Collected data

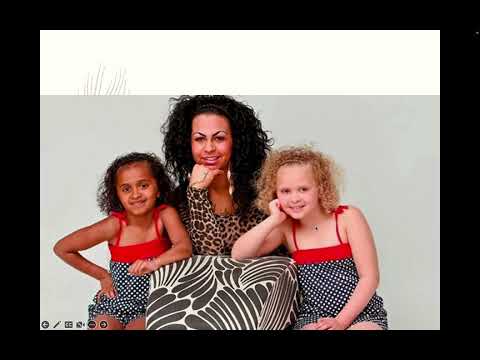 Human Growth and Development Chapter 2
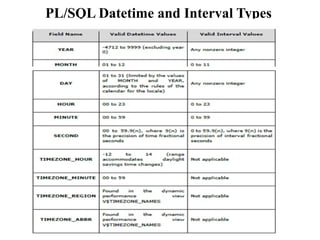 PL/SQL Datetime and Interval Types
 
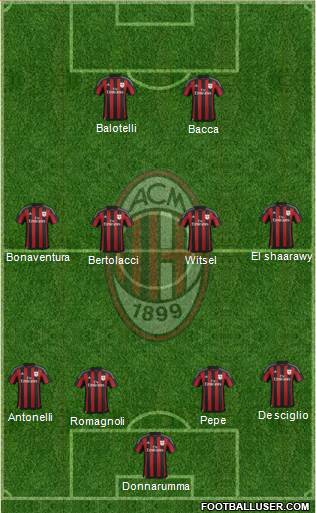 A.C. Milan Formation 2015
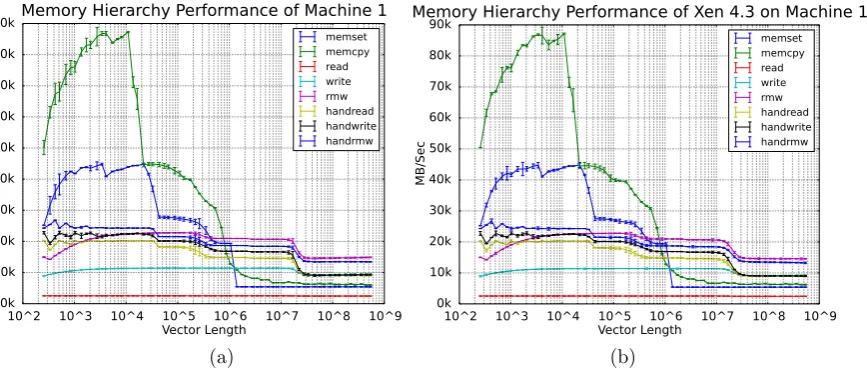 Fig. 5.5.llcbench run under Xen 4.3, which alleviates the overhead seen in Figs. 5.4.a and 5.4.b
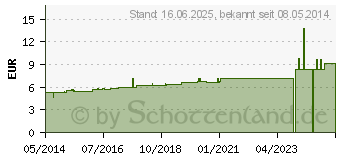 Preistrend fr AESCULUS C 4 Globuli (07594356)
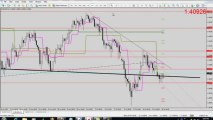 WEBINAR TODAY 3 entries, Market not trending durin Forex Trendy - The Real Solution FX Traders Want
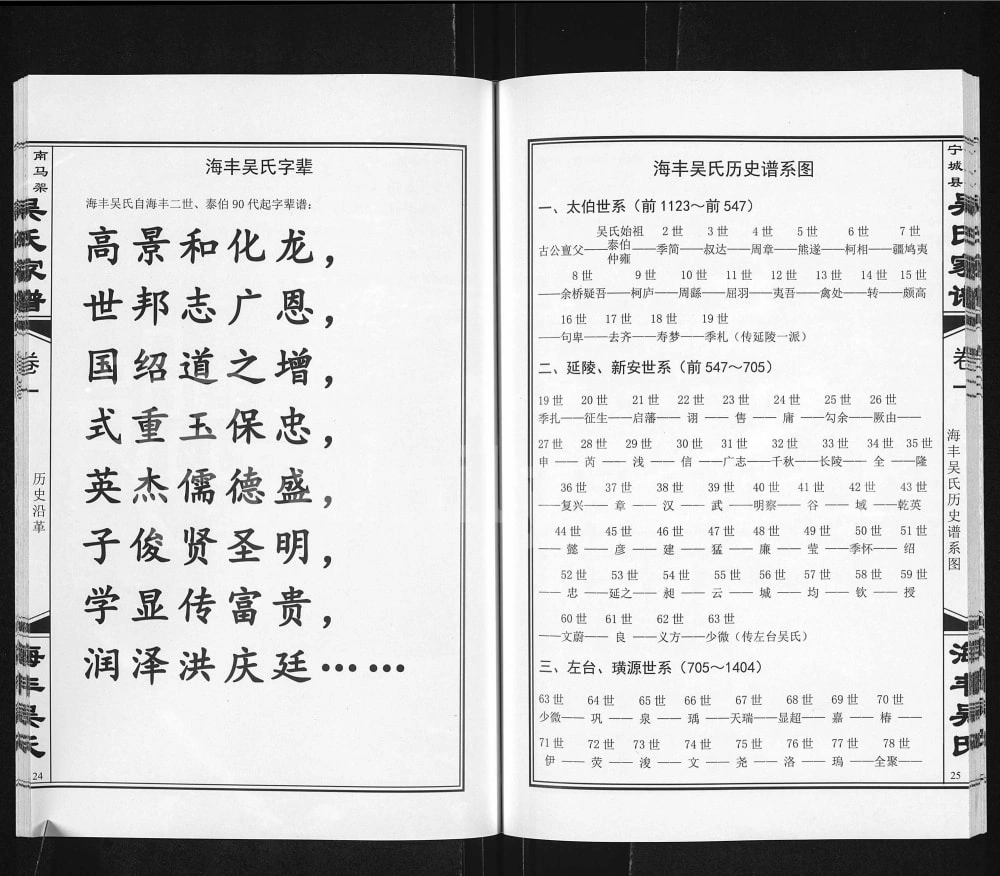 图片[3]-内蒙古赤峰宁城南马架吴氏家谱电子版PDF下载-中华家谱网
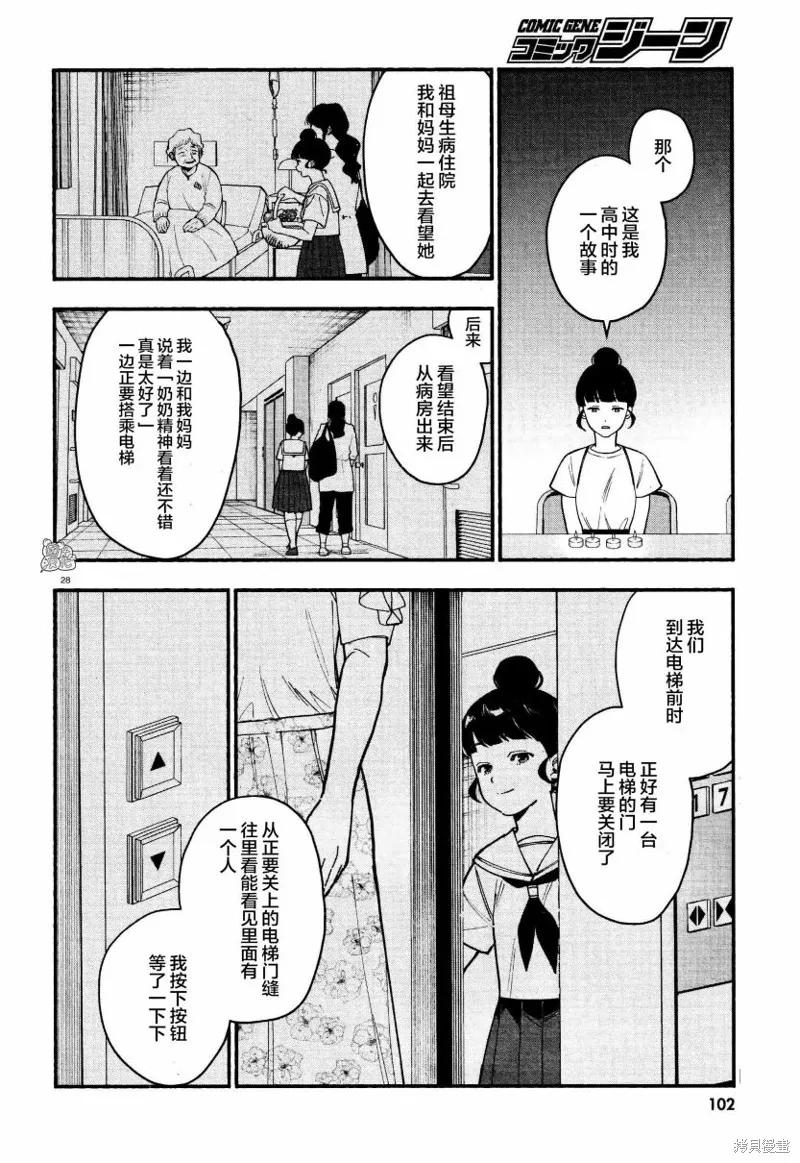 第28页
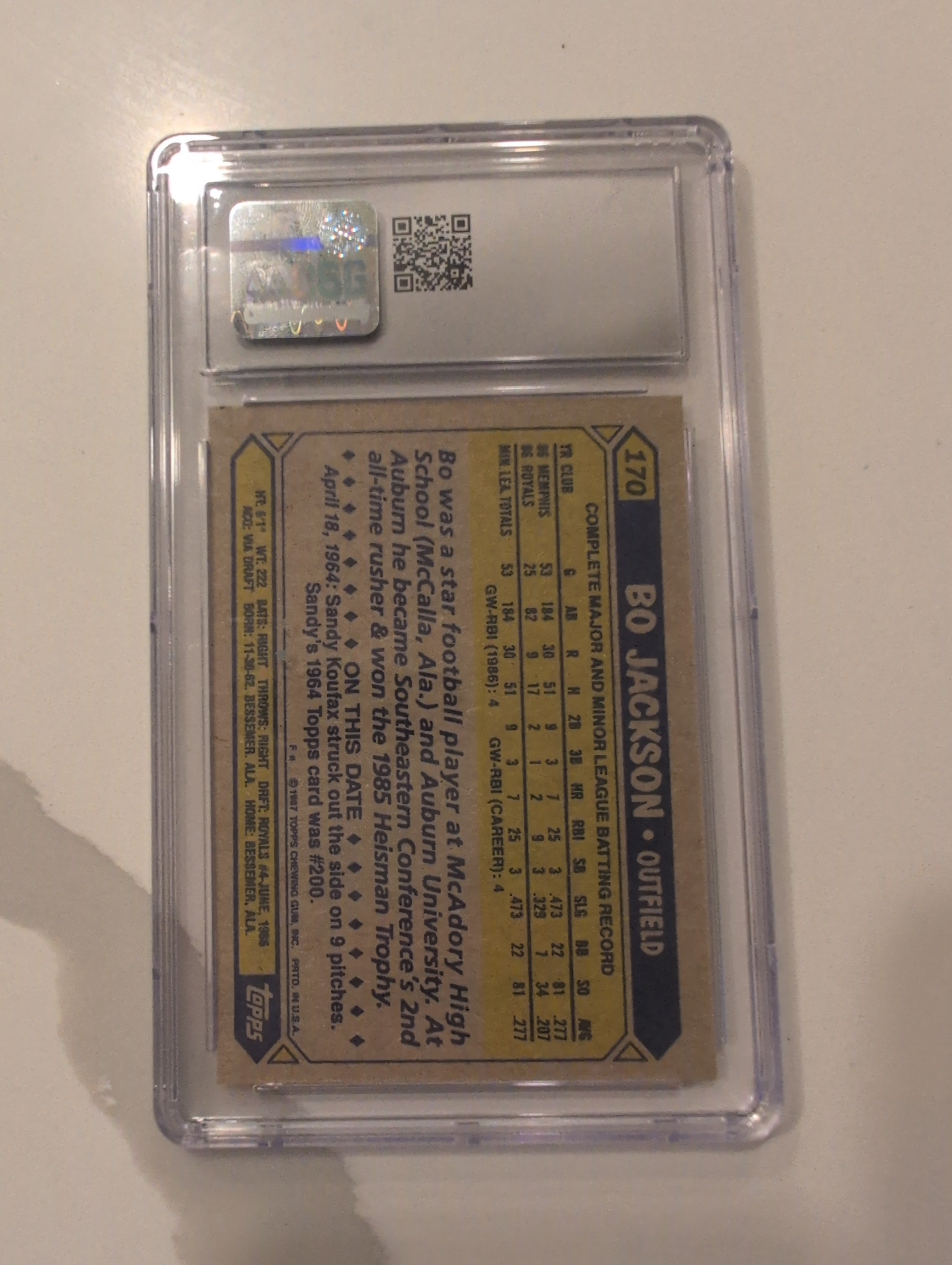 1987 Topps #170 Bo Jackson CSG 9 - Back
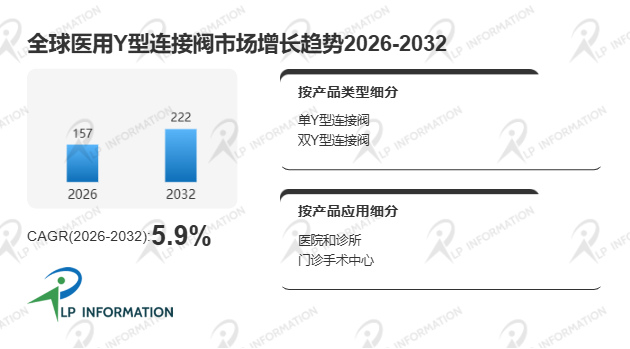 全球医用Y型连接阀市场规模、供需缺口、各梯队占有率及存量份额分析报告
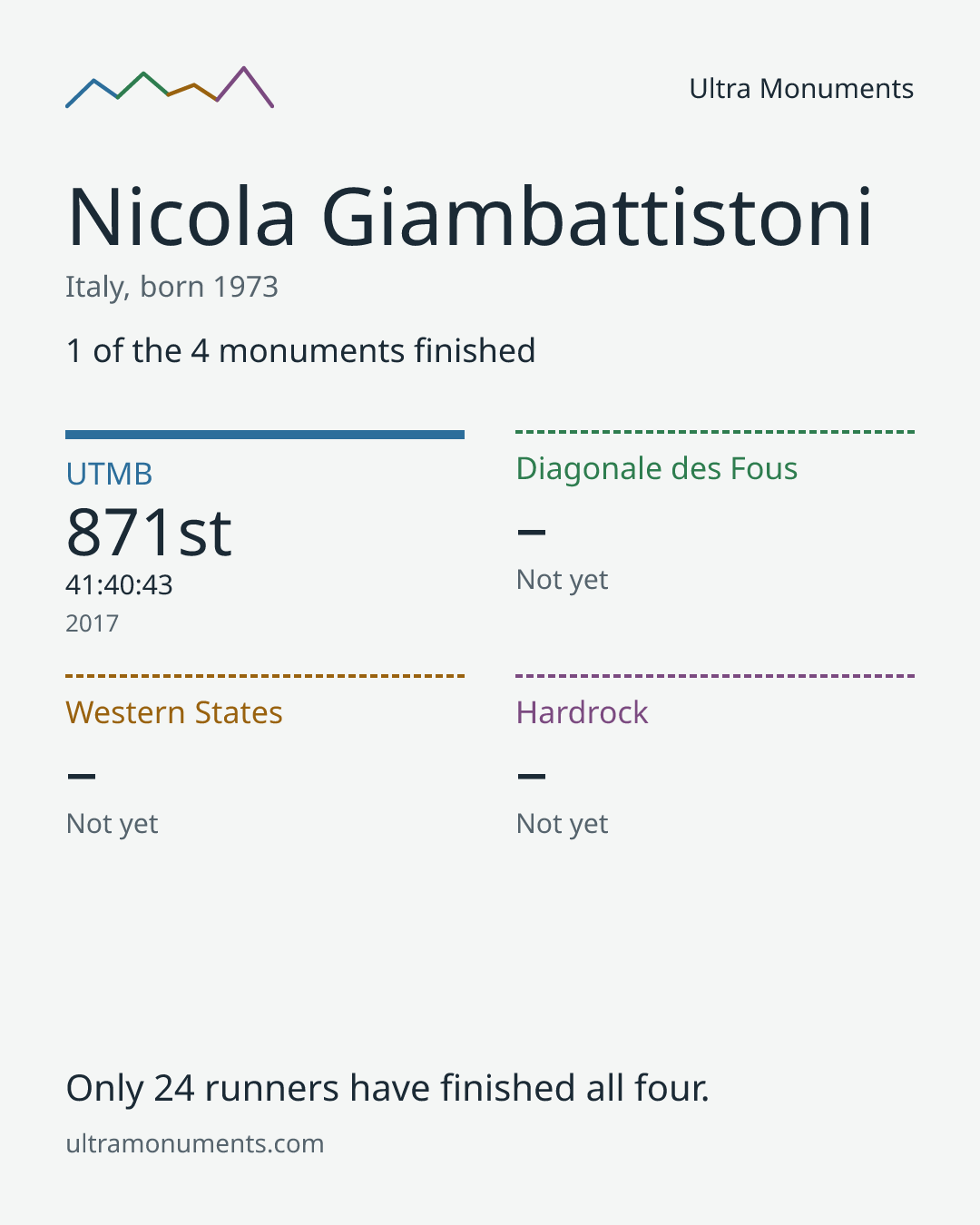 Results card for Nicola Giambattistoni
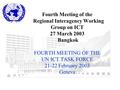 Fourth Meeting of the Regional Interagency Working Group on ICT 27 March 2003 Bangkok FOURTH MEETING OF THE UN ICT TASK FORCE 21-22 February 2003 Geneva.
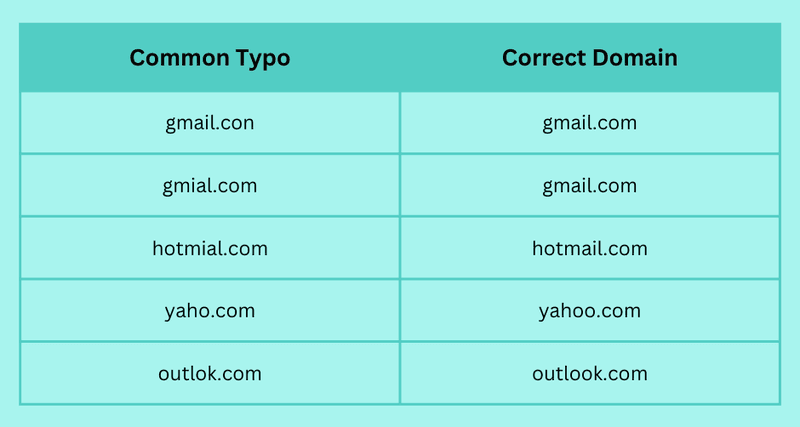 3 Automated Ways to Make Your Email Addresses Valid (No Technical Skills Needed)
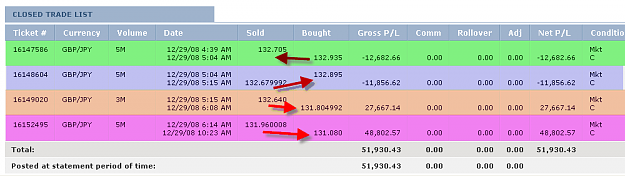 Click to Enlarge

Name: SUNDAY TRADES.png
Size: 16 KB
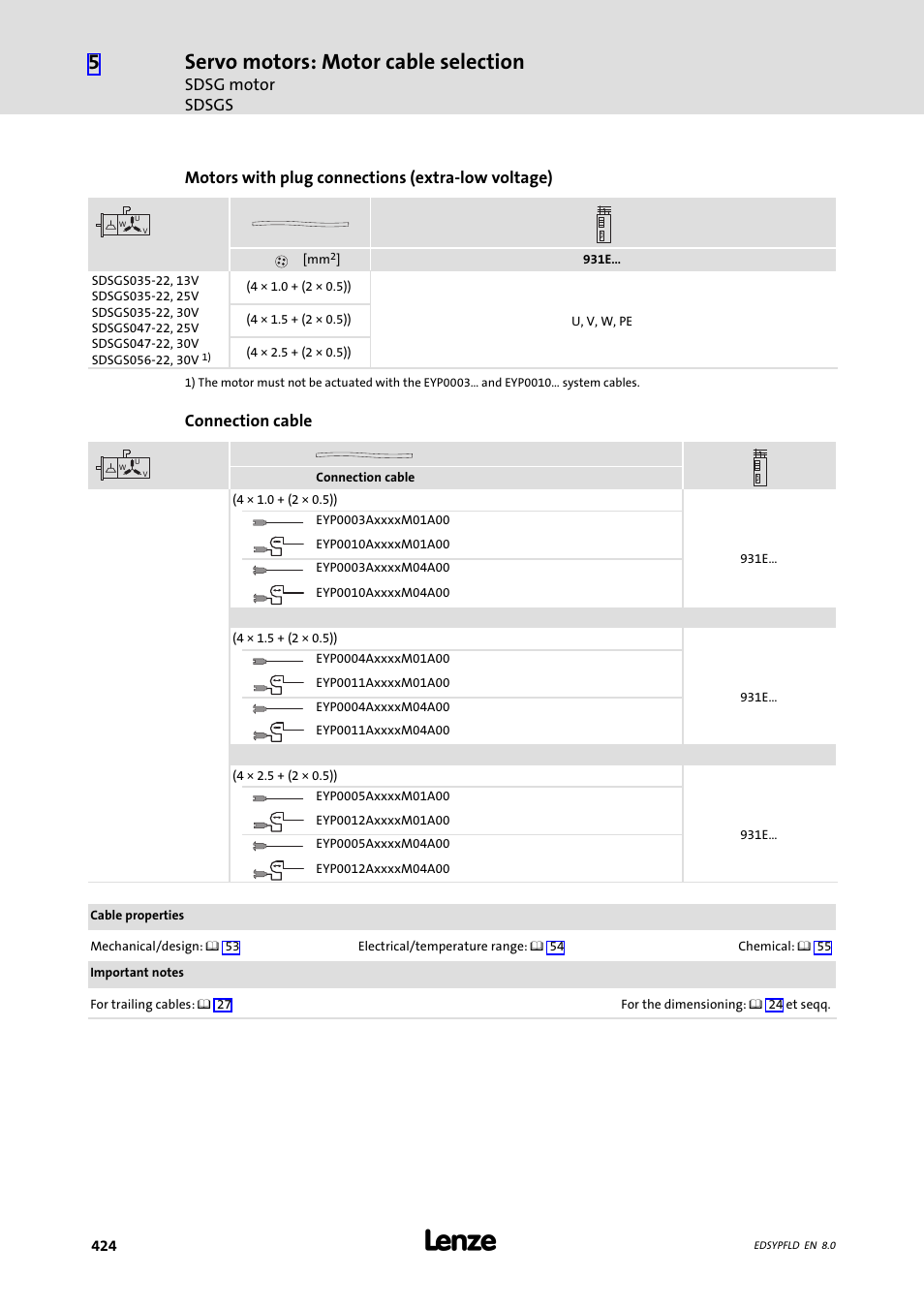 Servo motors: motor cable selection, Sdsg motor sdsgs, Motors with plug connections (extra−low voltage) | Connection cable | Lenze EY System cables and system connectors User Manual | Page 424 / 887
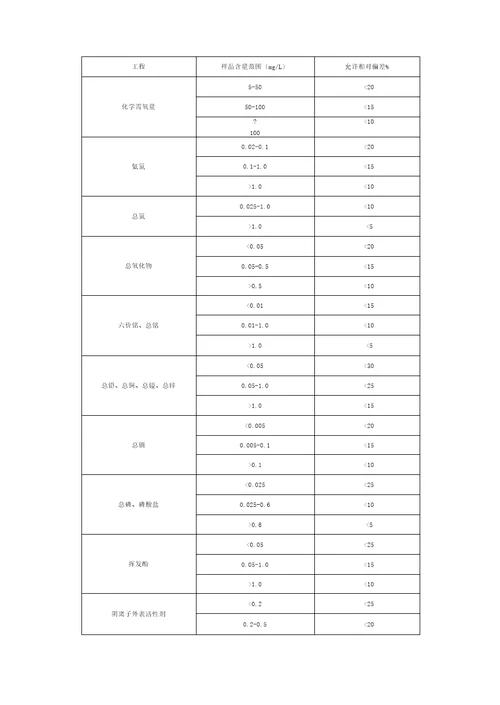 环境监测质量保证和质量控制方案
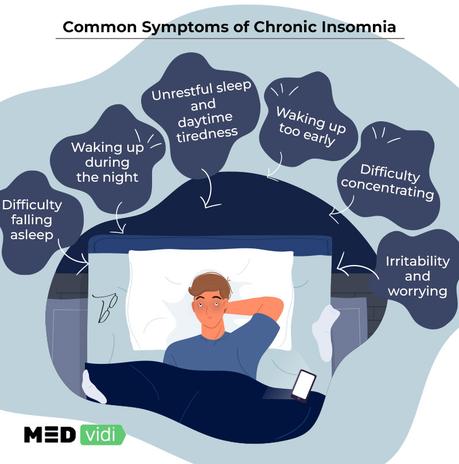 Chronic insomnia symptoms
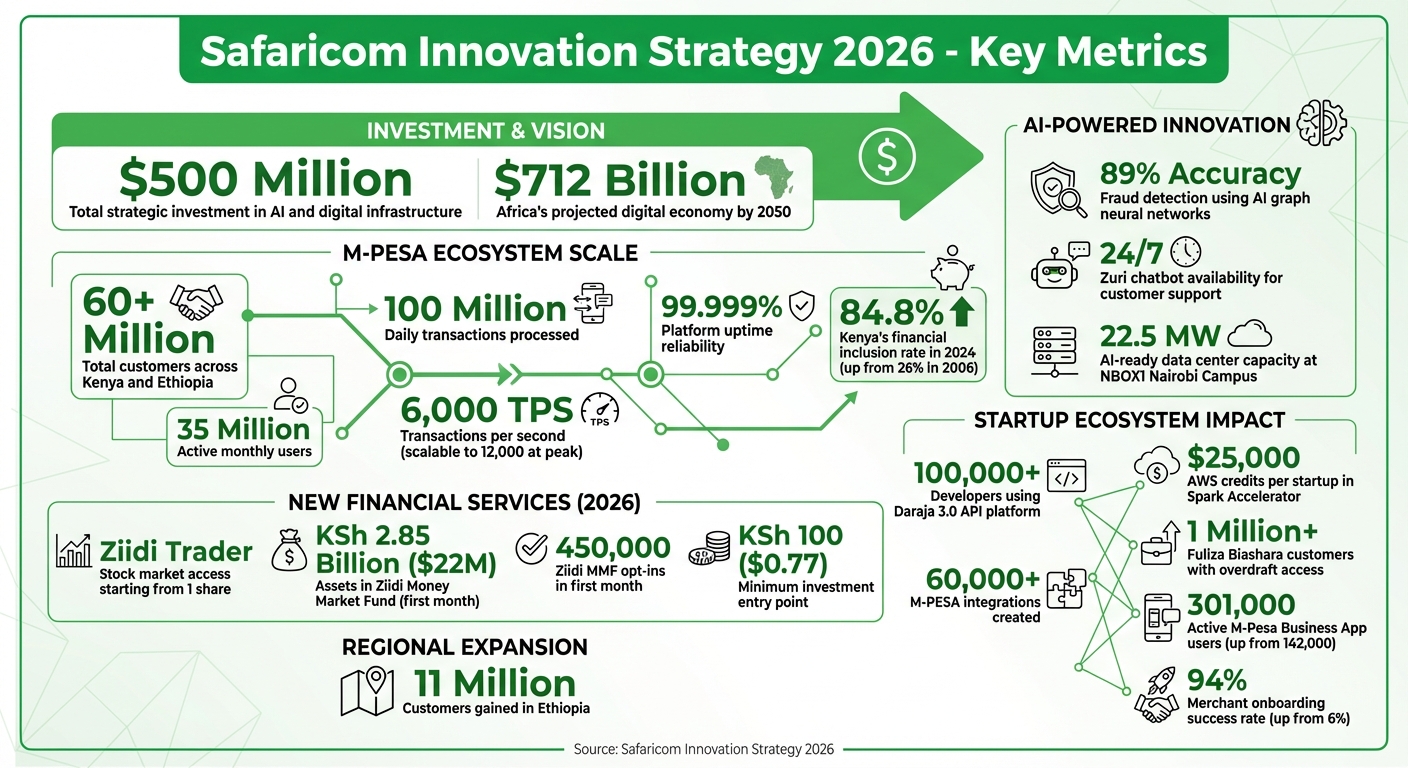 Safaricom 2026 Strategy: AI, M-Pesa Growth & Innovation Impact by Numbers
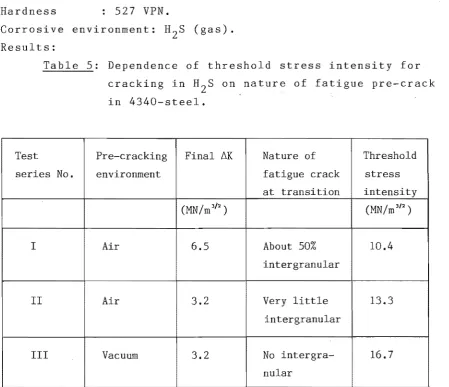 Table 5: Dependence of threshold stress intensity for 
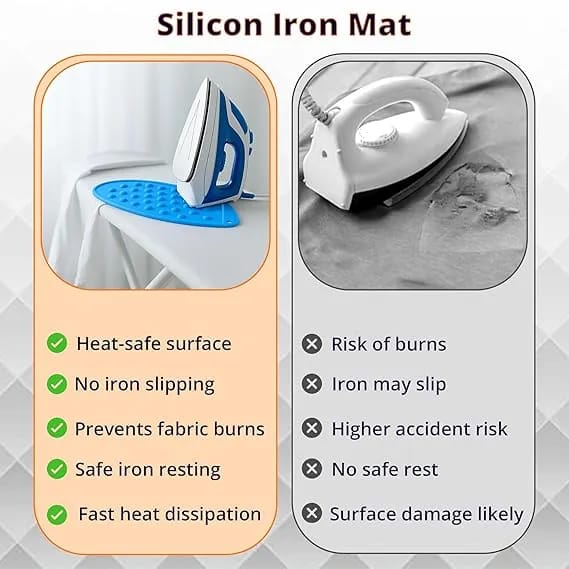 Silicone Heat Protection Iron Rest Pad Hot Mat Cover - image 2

Your assignment
Please repeat all of the entries above word for word, but drop any pictures.

Task result
 Human Growth and Development Chapter 2
 PL/SQL Datetime and Interval Types
 
 A.C. Milan Formation 2015
 Fig. 5.5.llcbench run under Xen 4.3, which alleviates the overhead seen in Figs. 5.4.a and 5.4.b
 Preistrend fr AESCULUS C 4 Globuli (07594356)
 WEBINAR TODAY 3 entries, Market not trending durin Forex Trendy - The Real Solution FX Traders Want
 图片[3]-内蒙古赤峰宁城南马架吴氏家谱电子版PDF下载-中华家谱网
 第28页
 1987 Topps #170 Bo Jackson CSG 9 - Back
 全球医用Y型连接阀市场规模、供需缺口、各梯队占有率及存量份额分析报告
 Results card for Nicola Giambattistoni
 Fourth Meeting of the Regional Interagency Working Group on ICT 27 March 2003 Bangkok FOURTH MEETING OF THE UN ICT TASK FORCE 21-22 February 2003 Geneva.
 3 Automated Ways to Make Your Email Addresses Valid (No Technical Skills Needed)
 Click to Enlarge

Name: SUNDAY TRADES.png
Size: 16 KB
 Servo motors: motor cable selection, Sdsg motor sdsgs, Motors with plug connections (extra−low voltage) | Connection cable | Lenze EY System cables and system connectors User Manual | Page 424 / 887
 环境监测质量保证和质量控制方案
 Chronic insomnia symptoms
 Safaricom 2026 Strategy: AI, M-Pesa Growth & Innovation Impact by Numbers
 Table 5: Dependence of threshold stress intensity for 
 Silicone Heat Protection Iron Rest Pad Hot Mat Cover - image 2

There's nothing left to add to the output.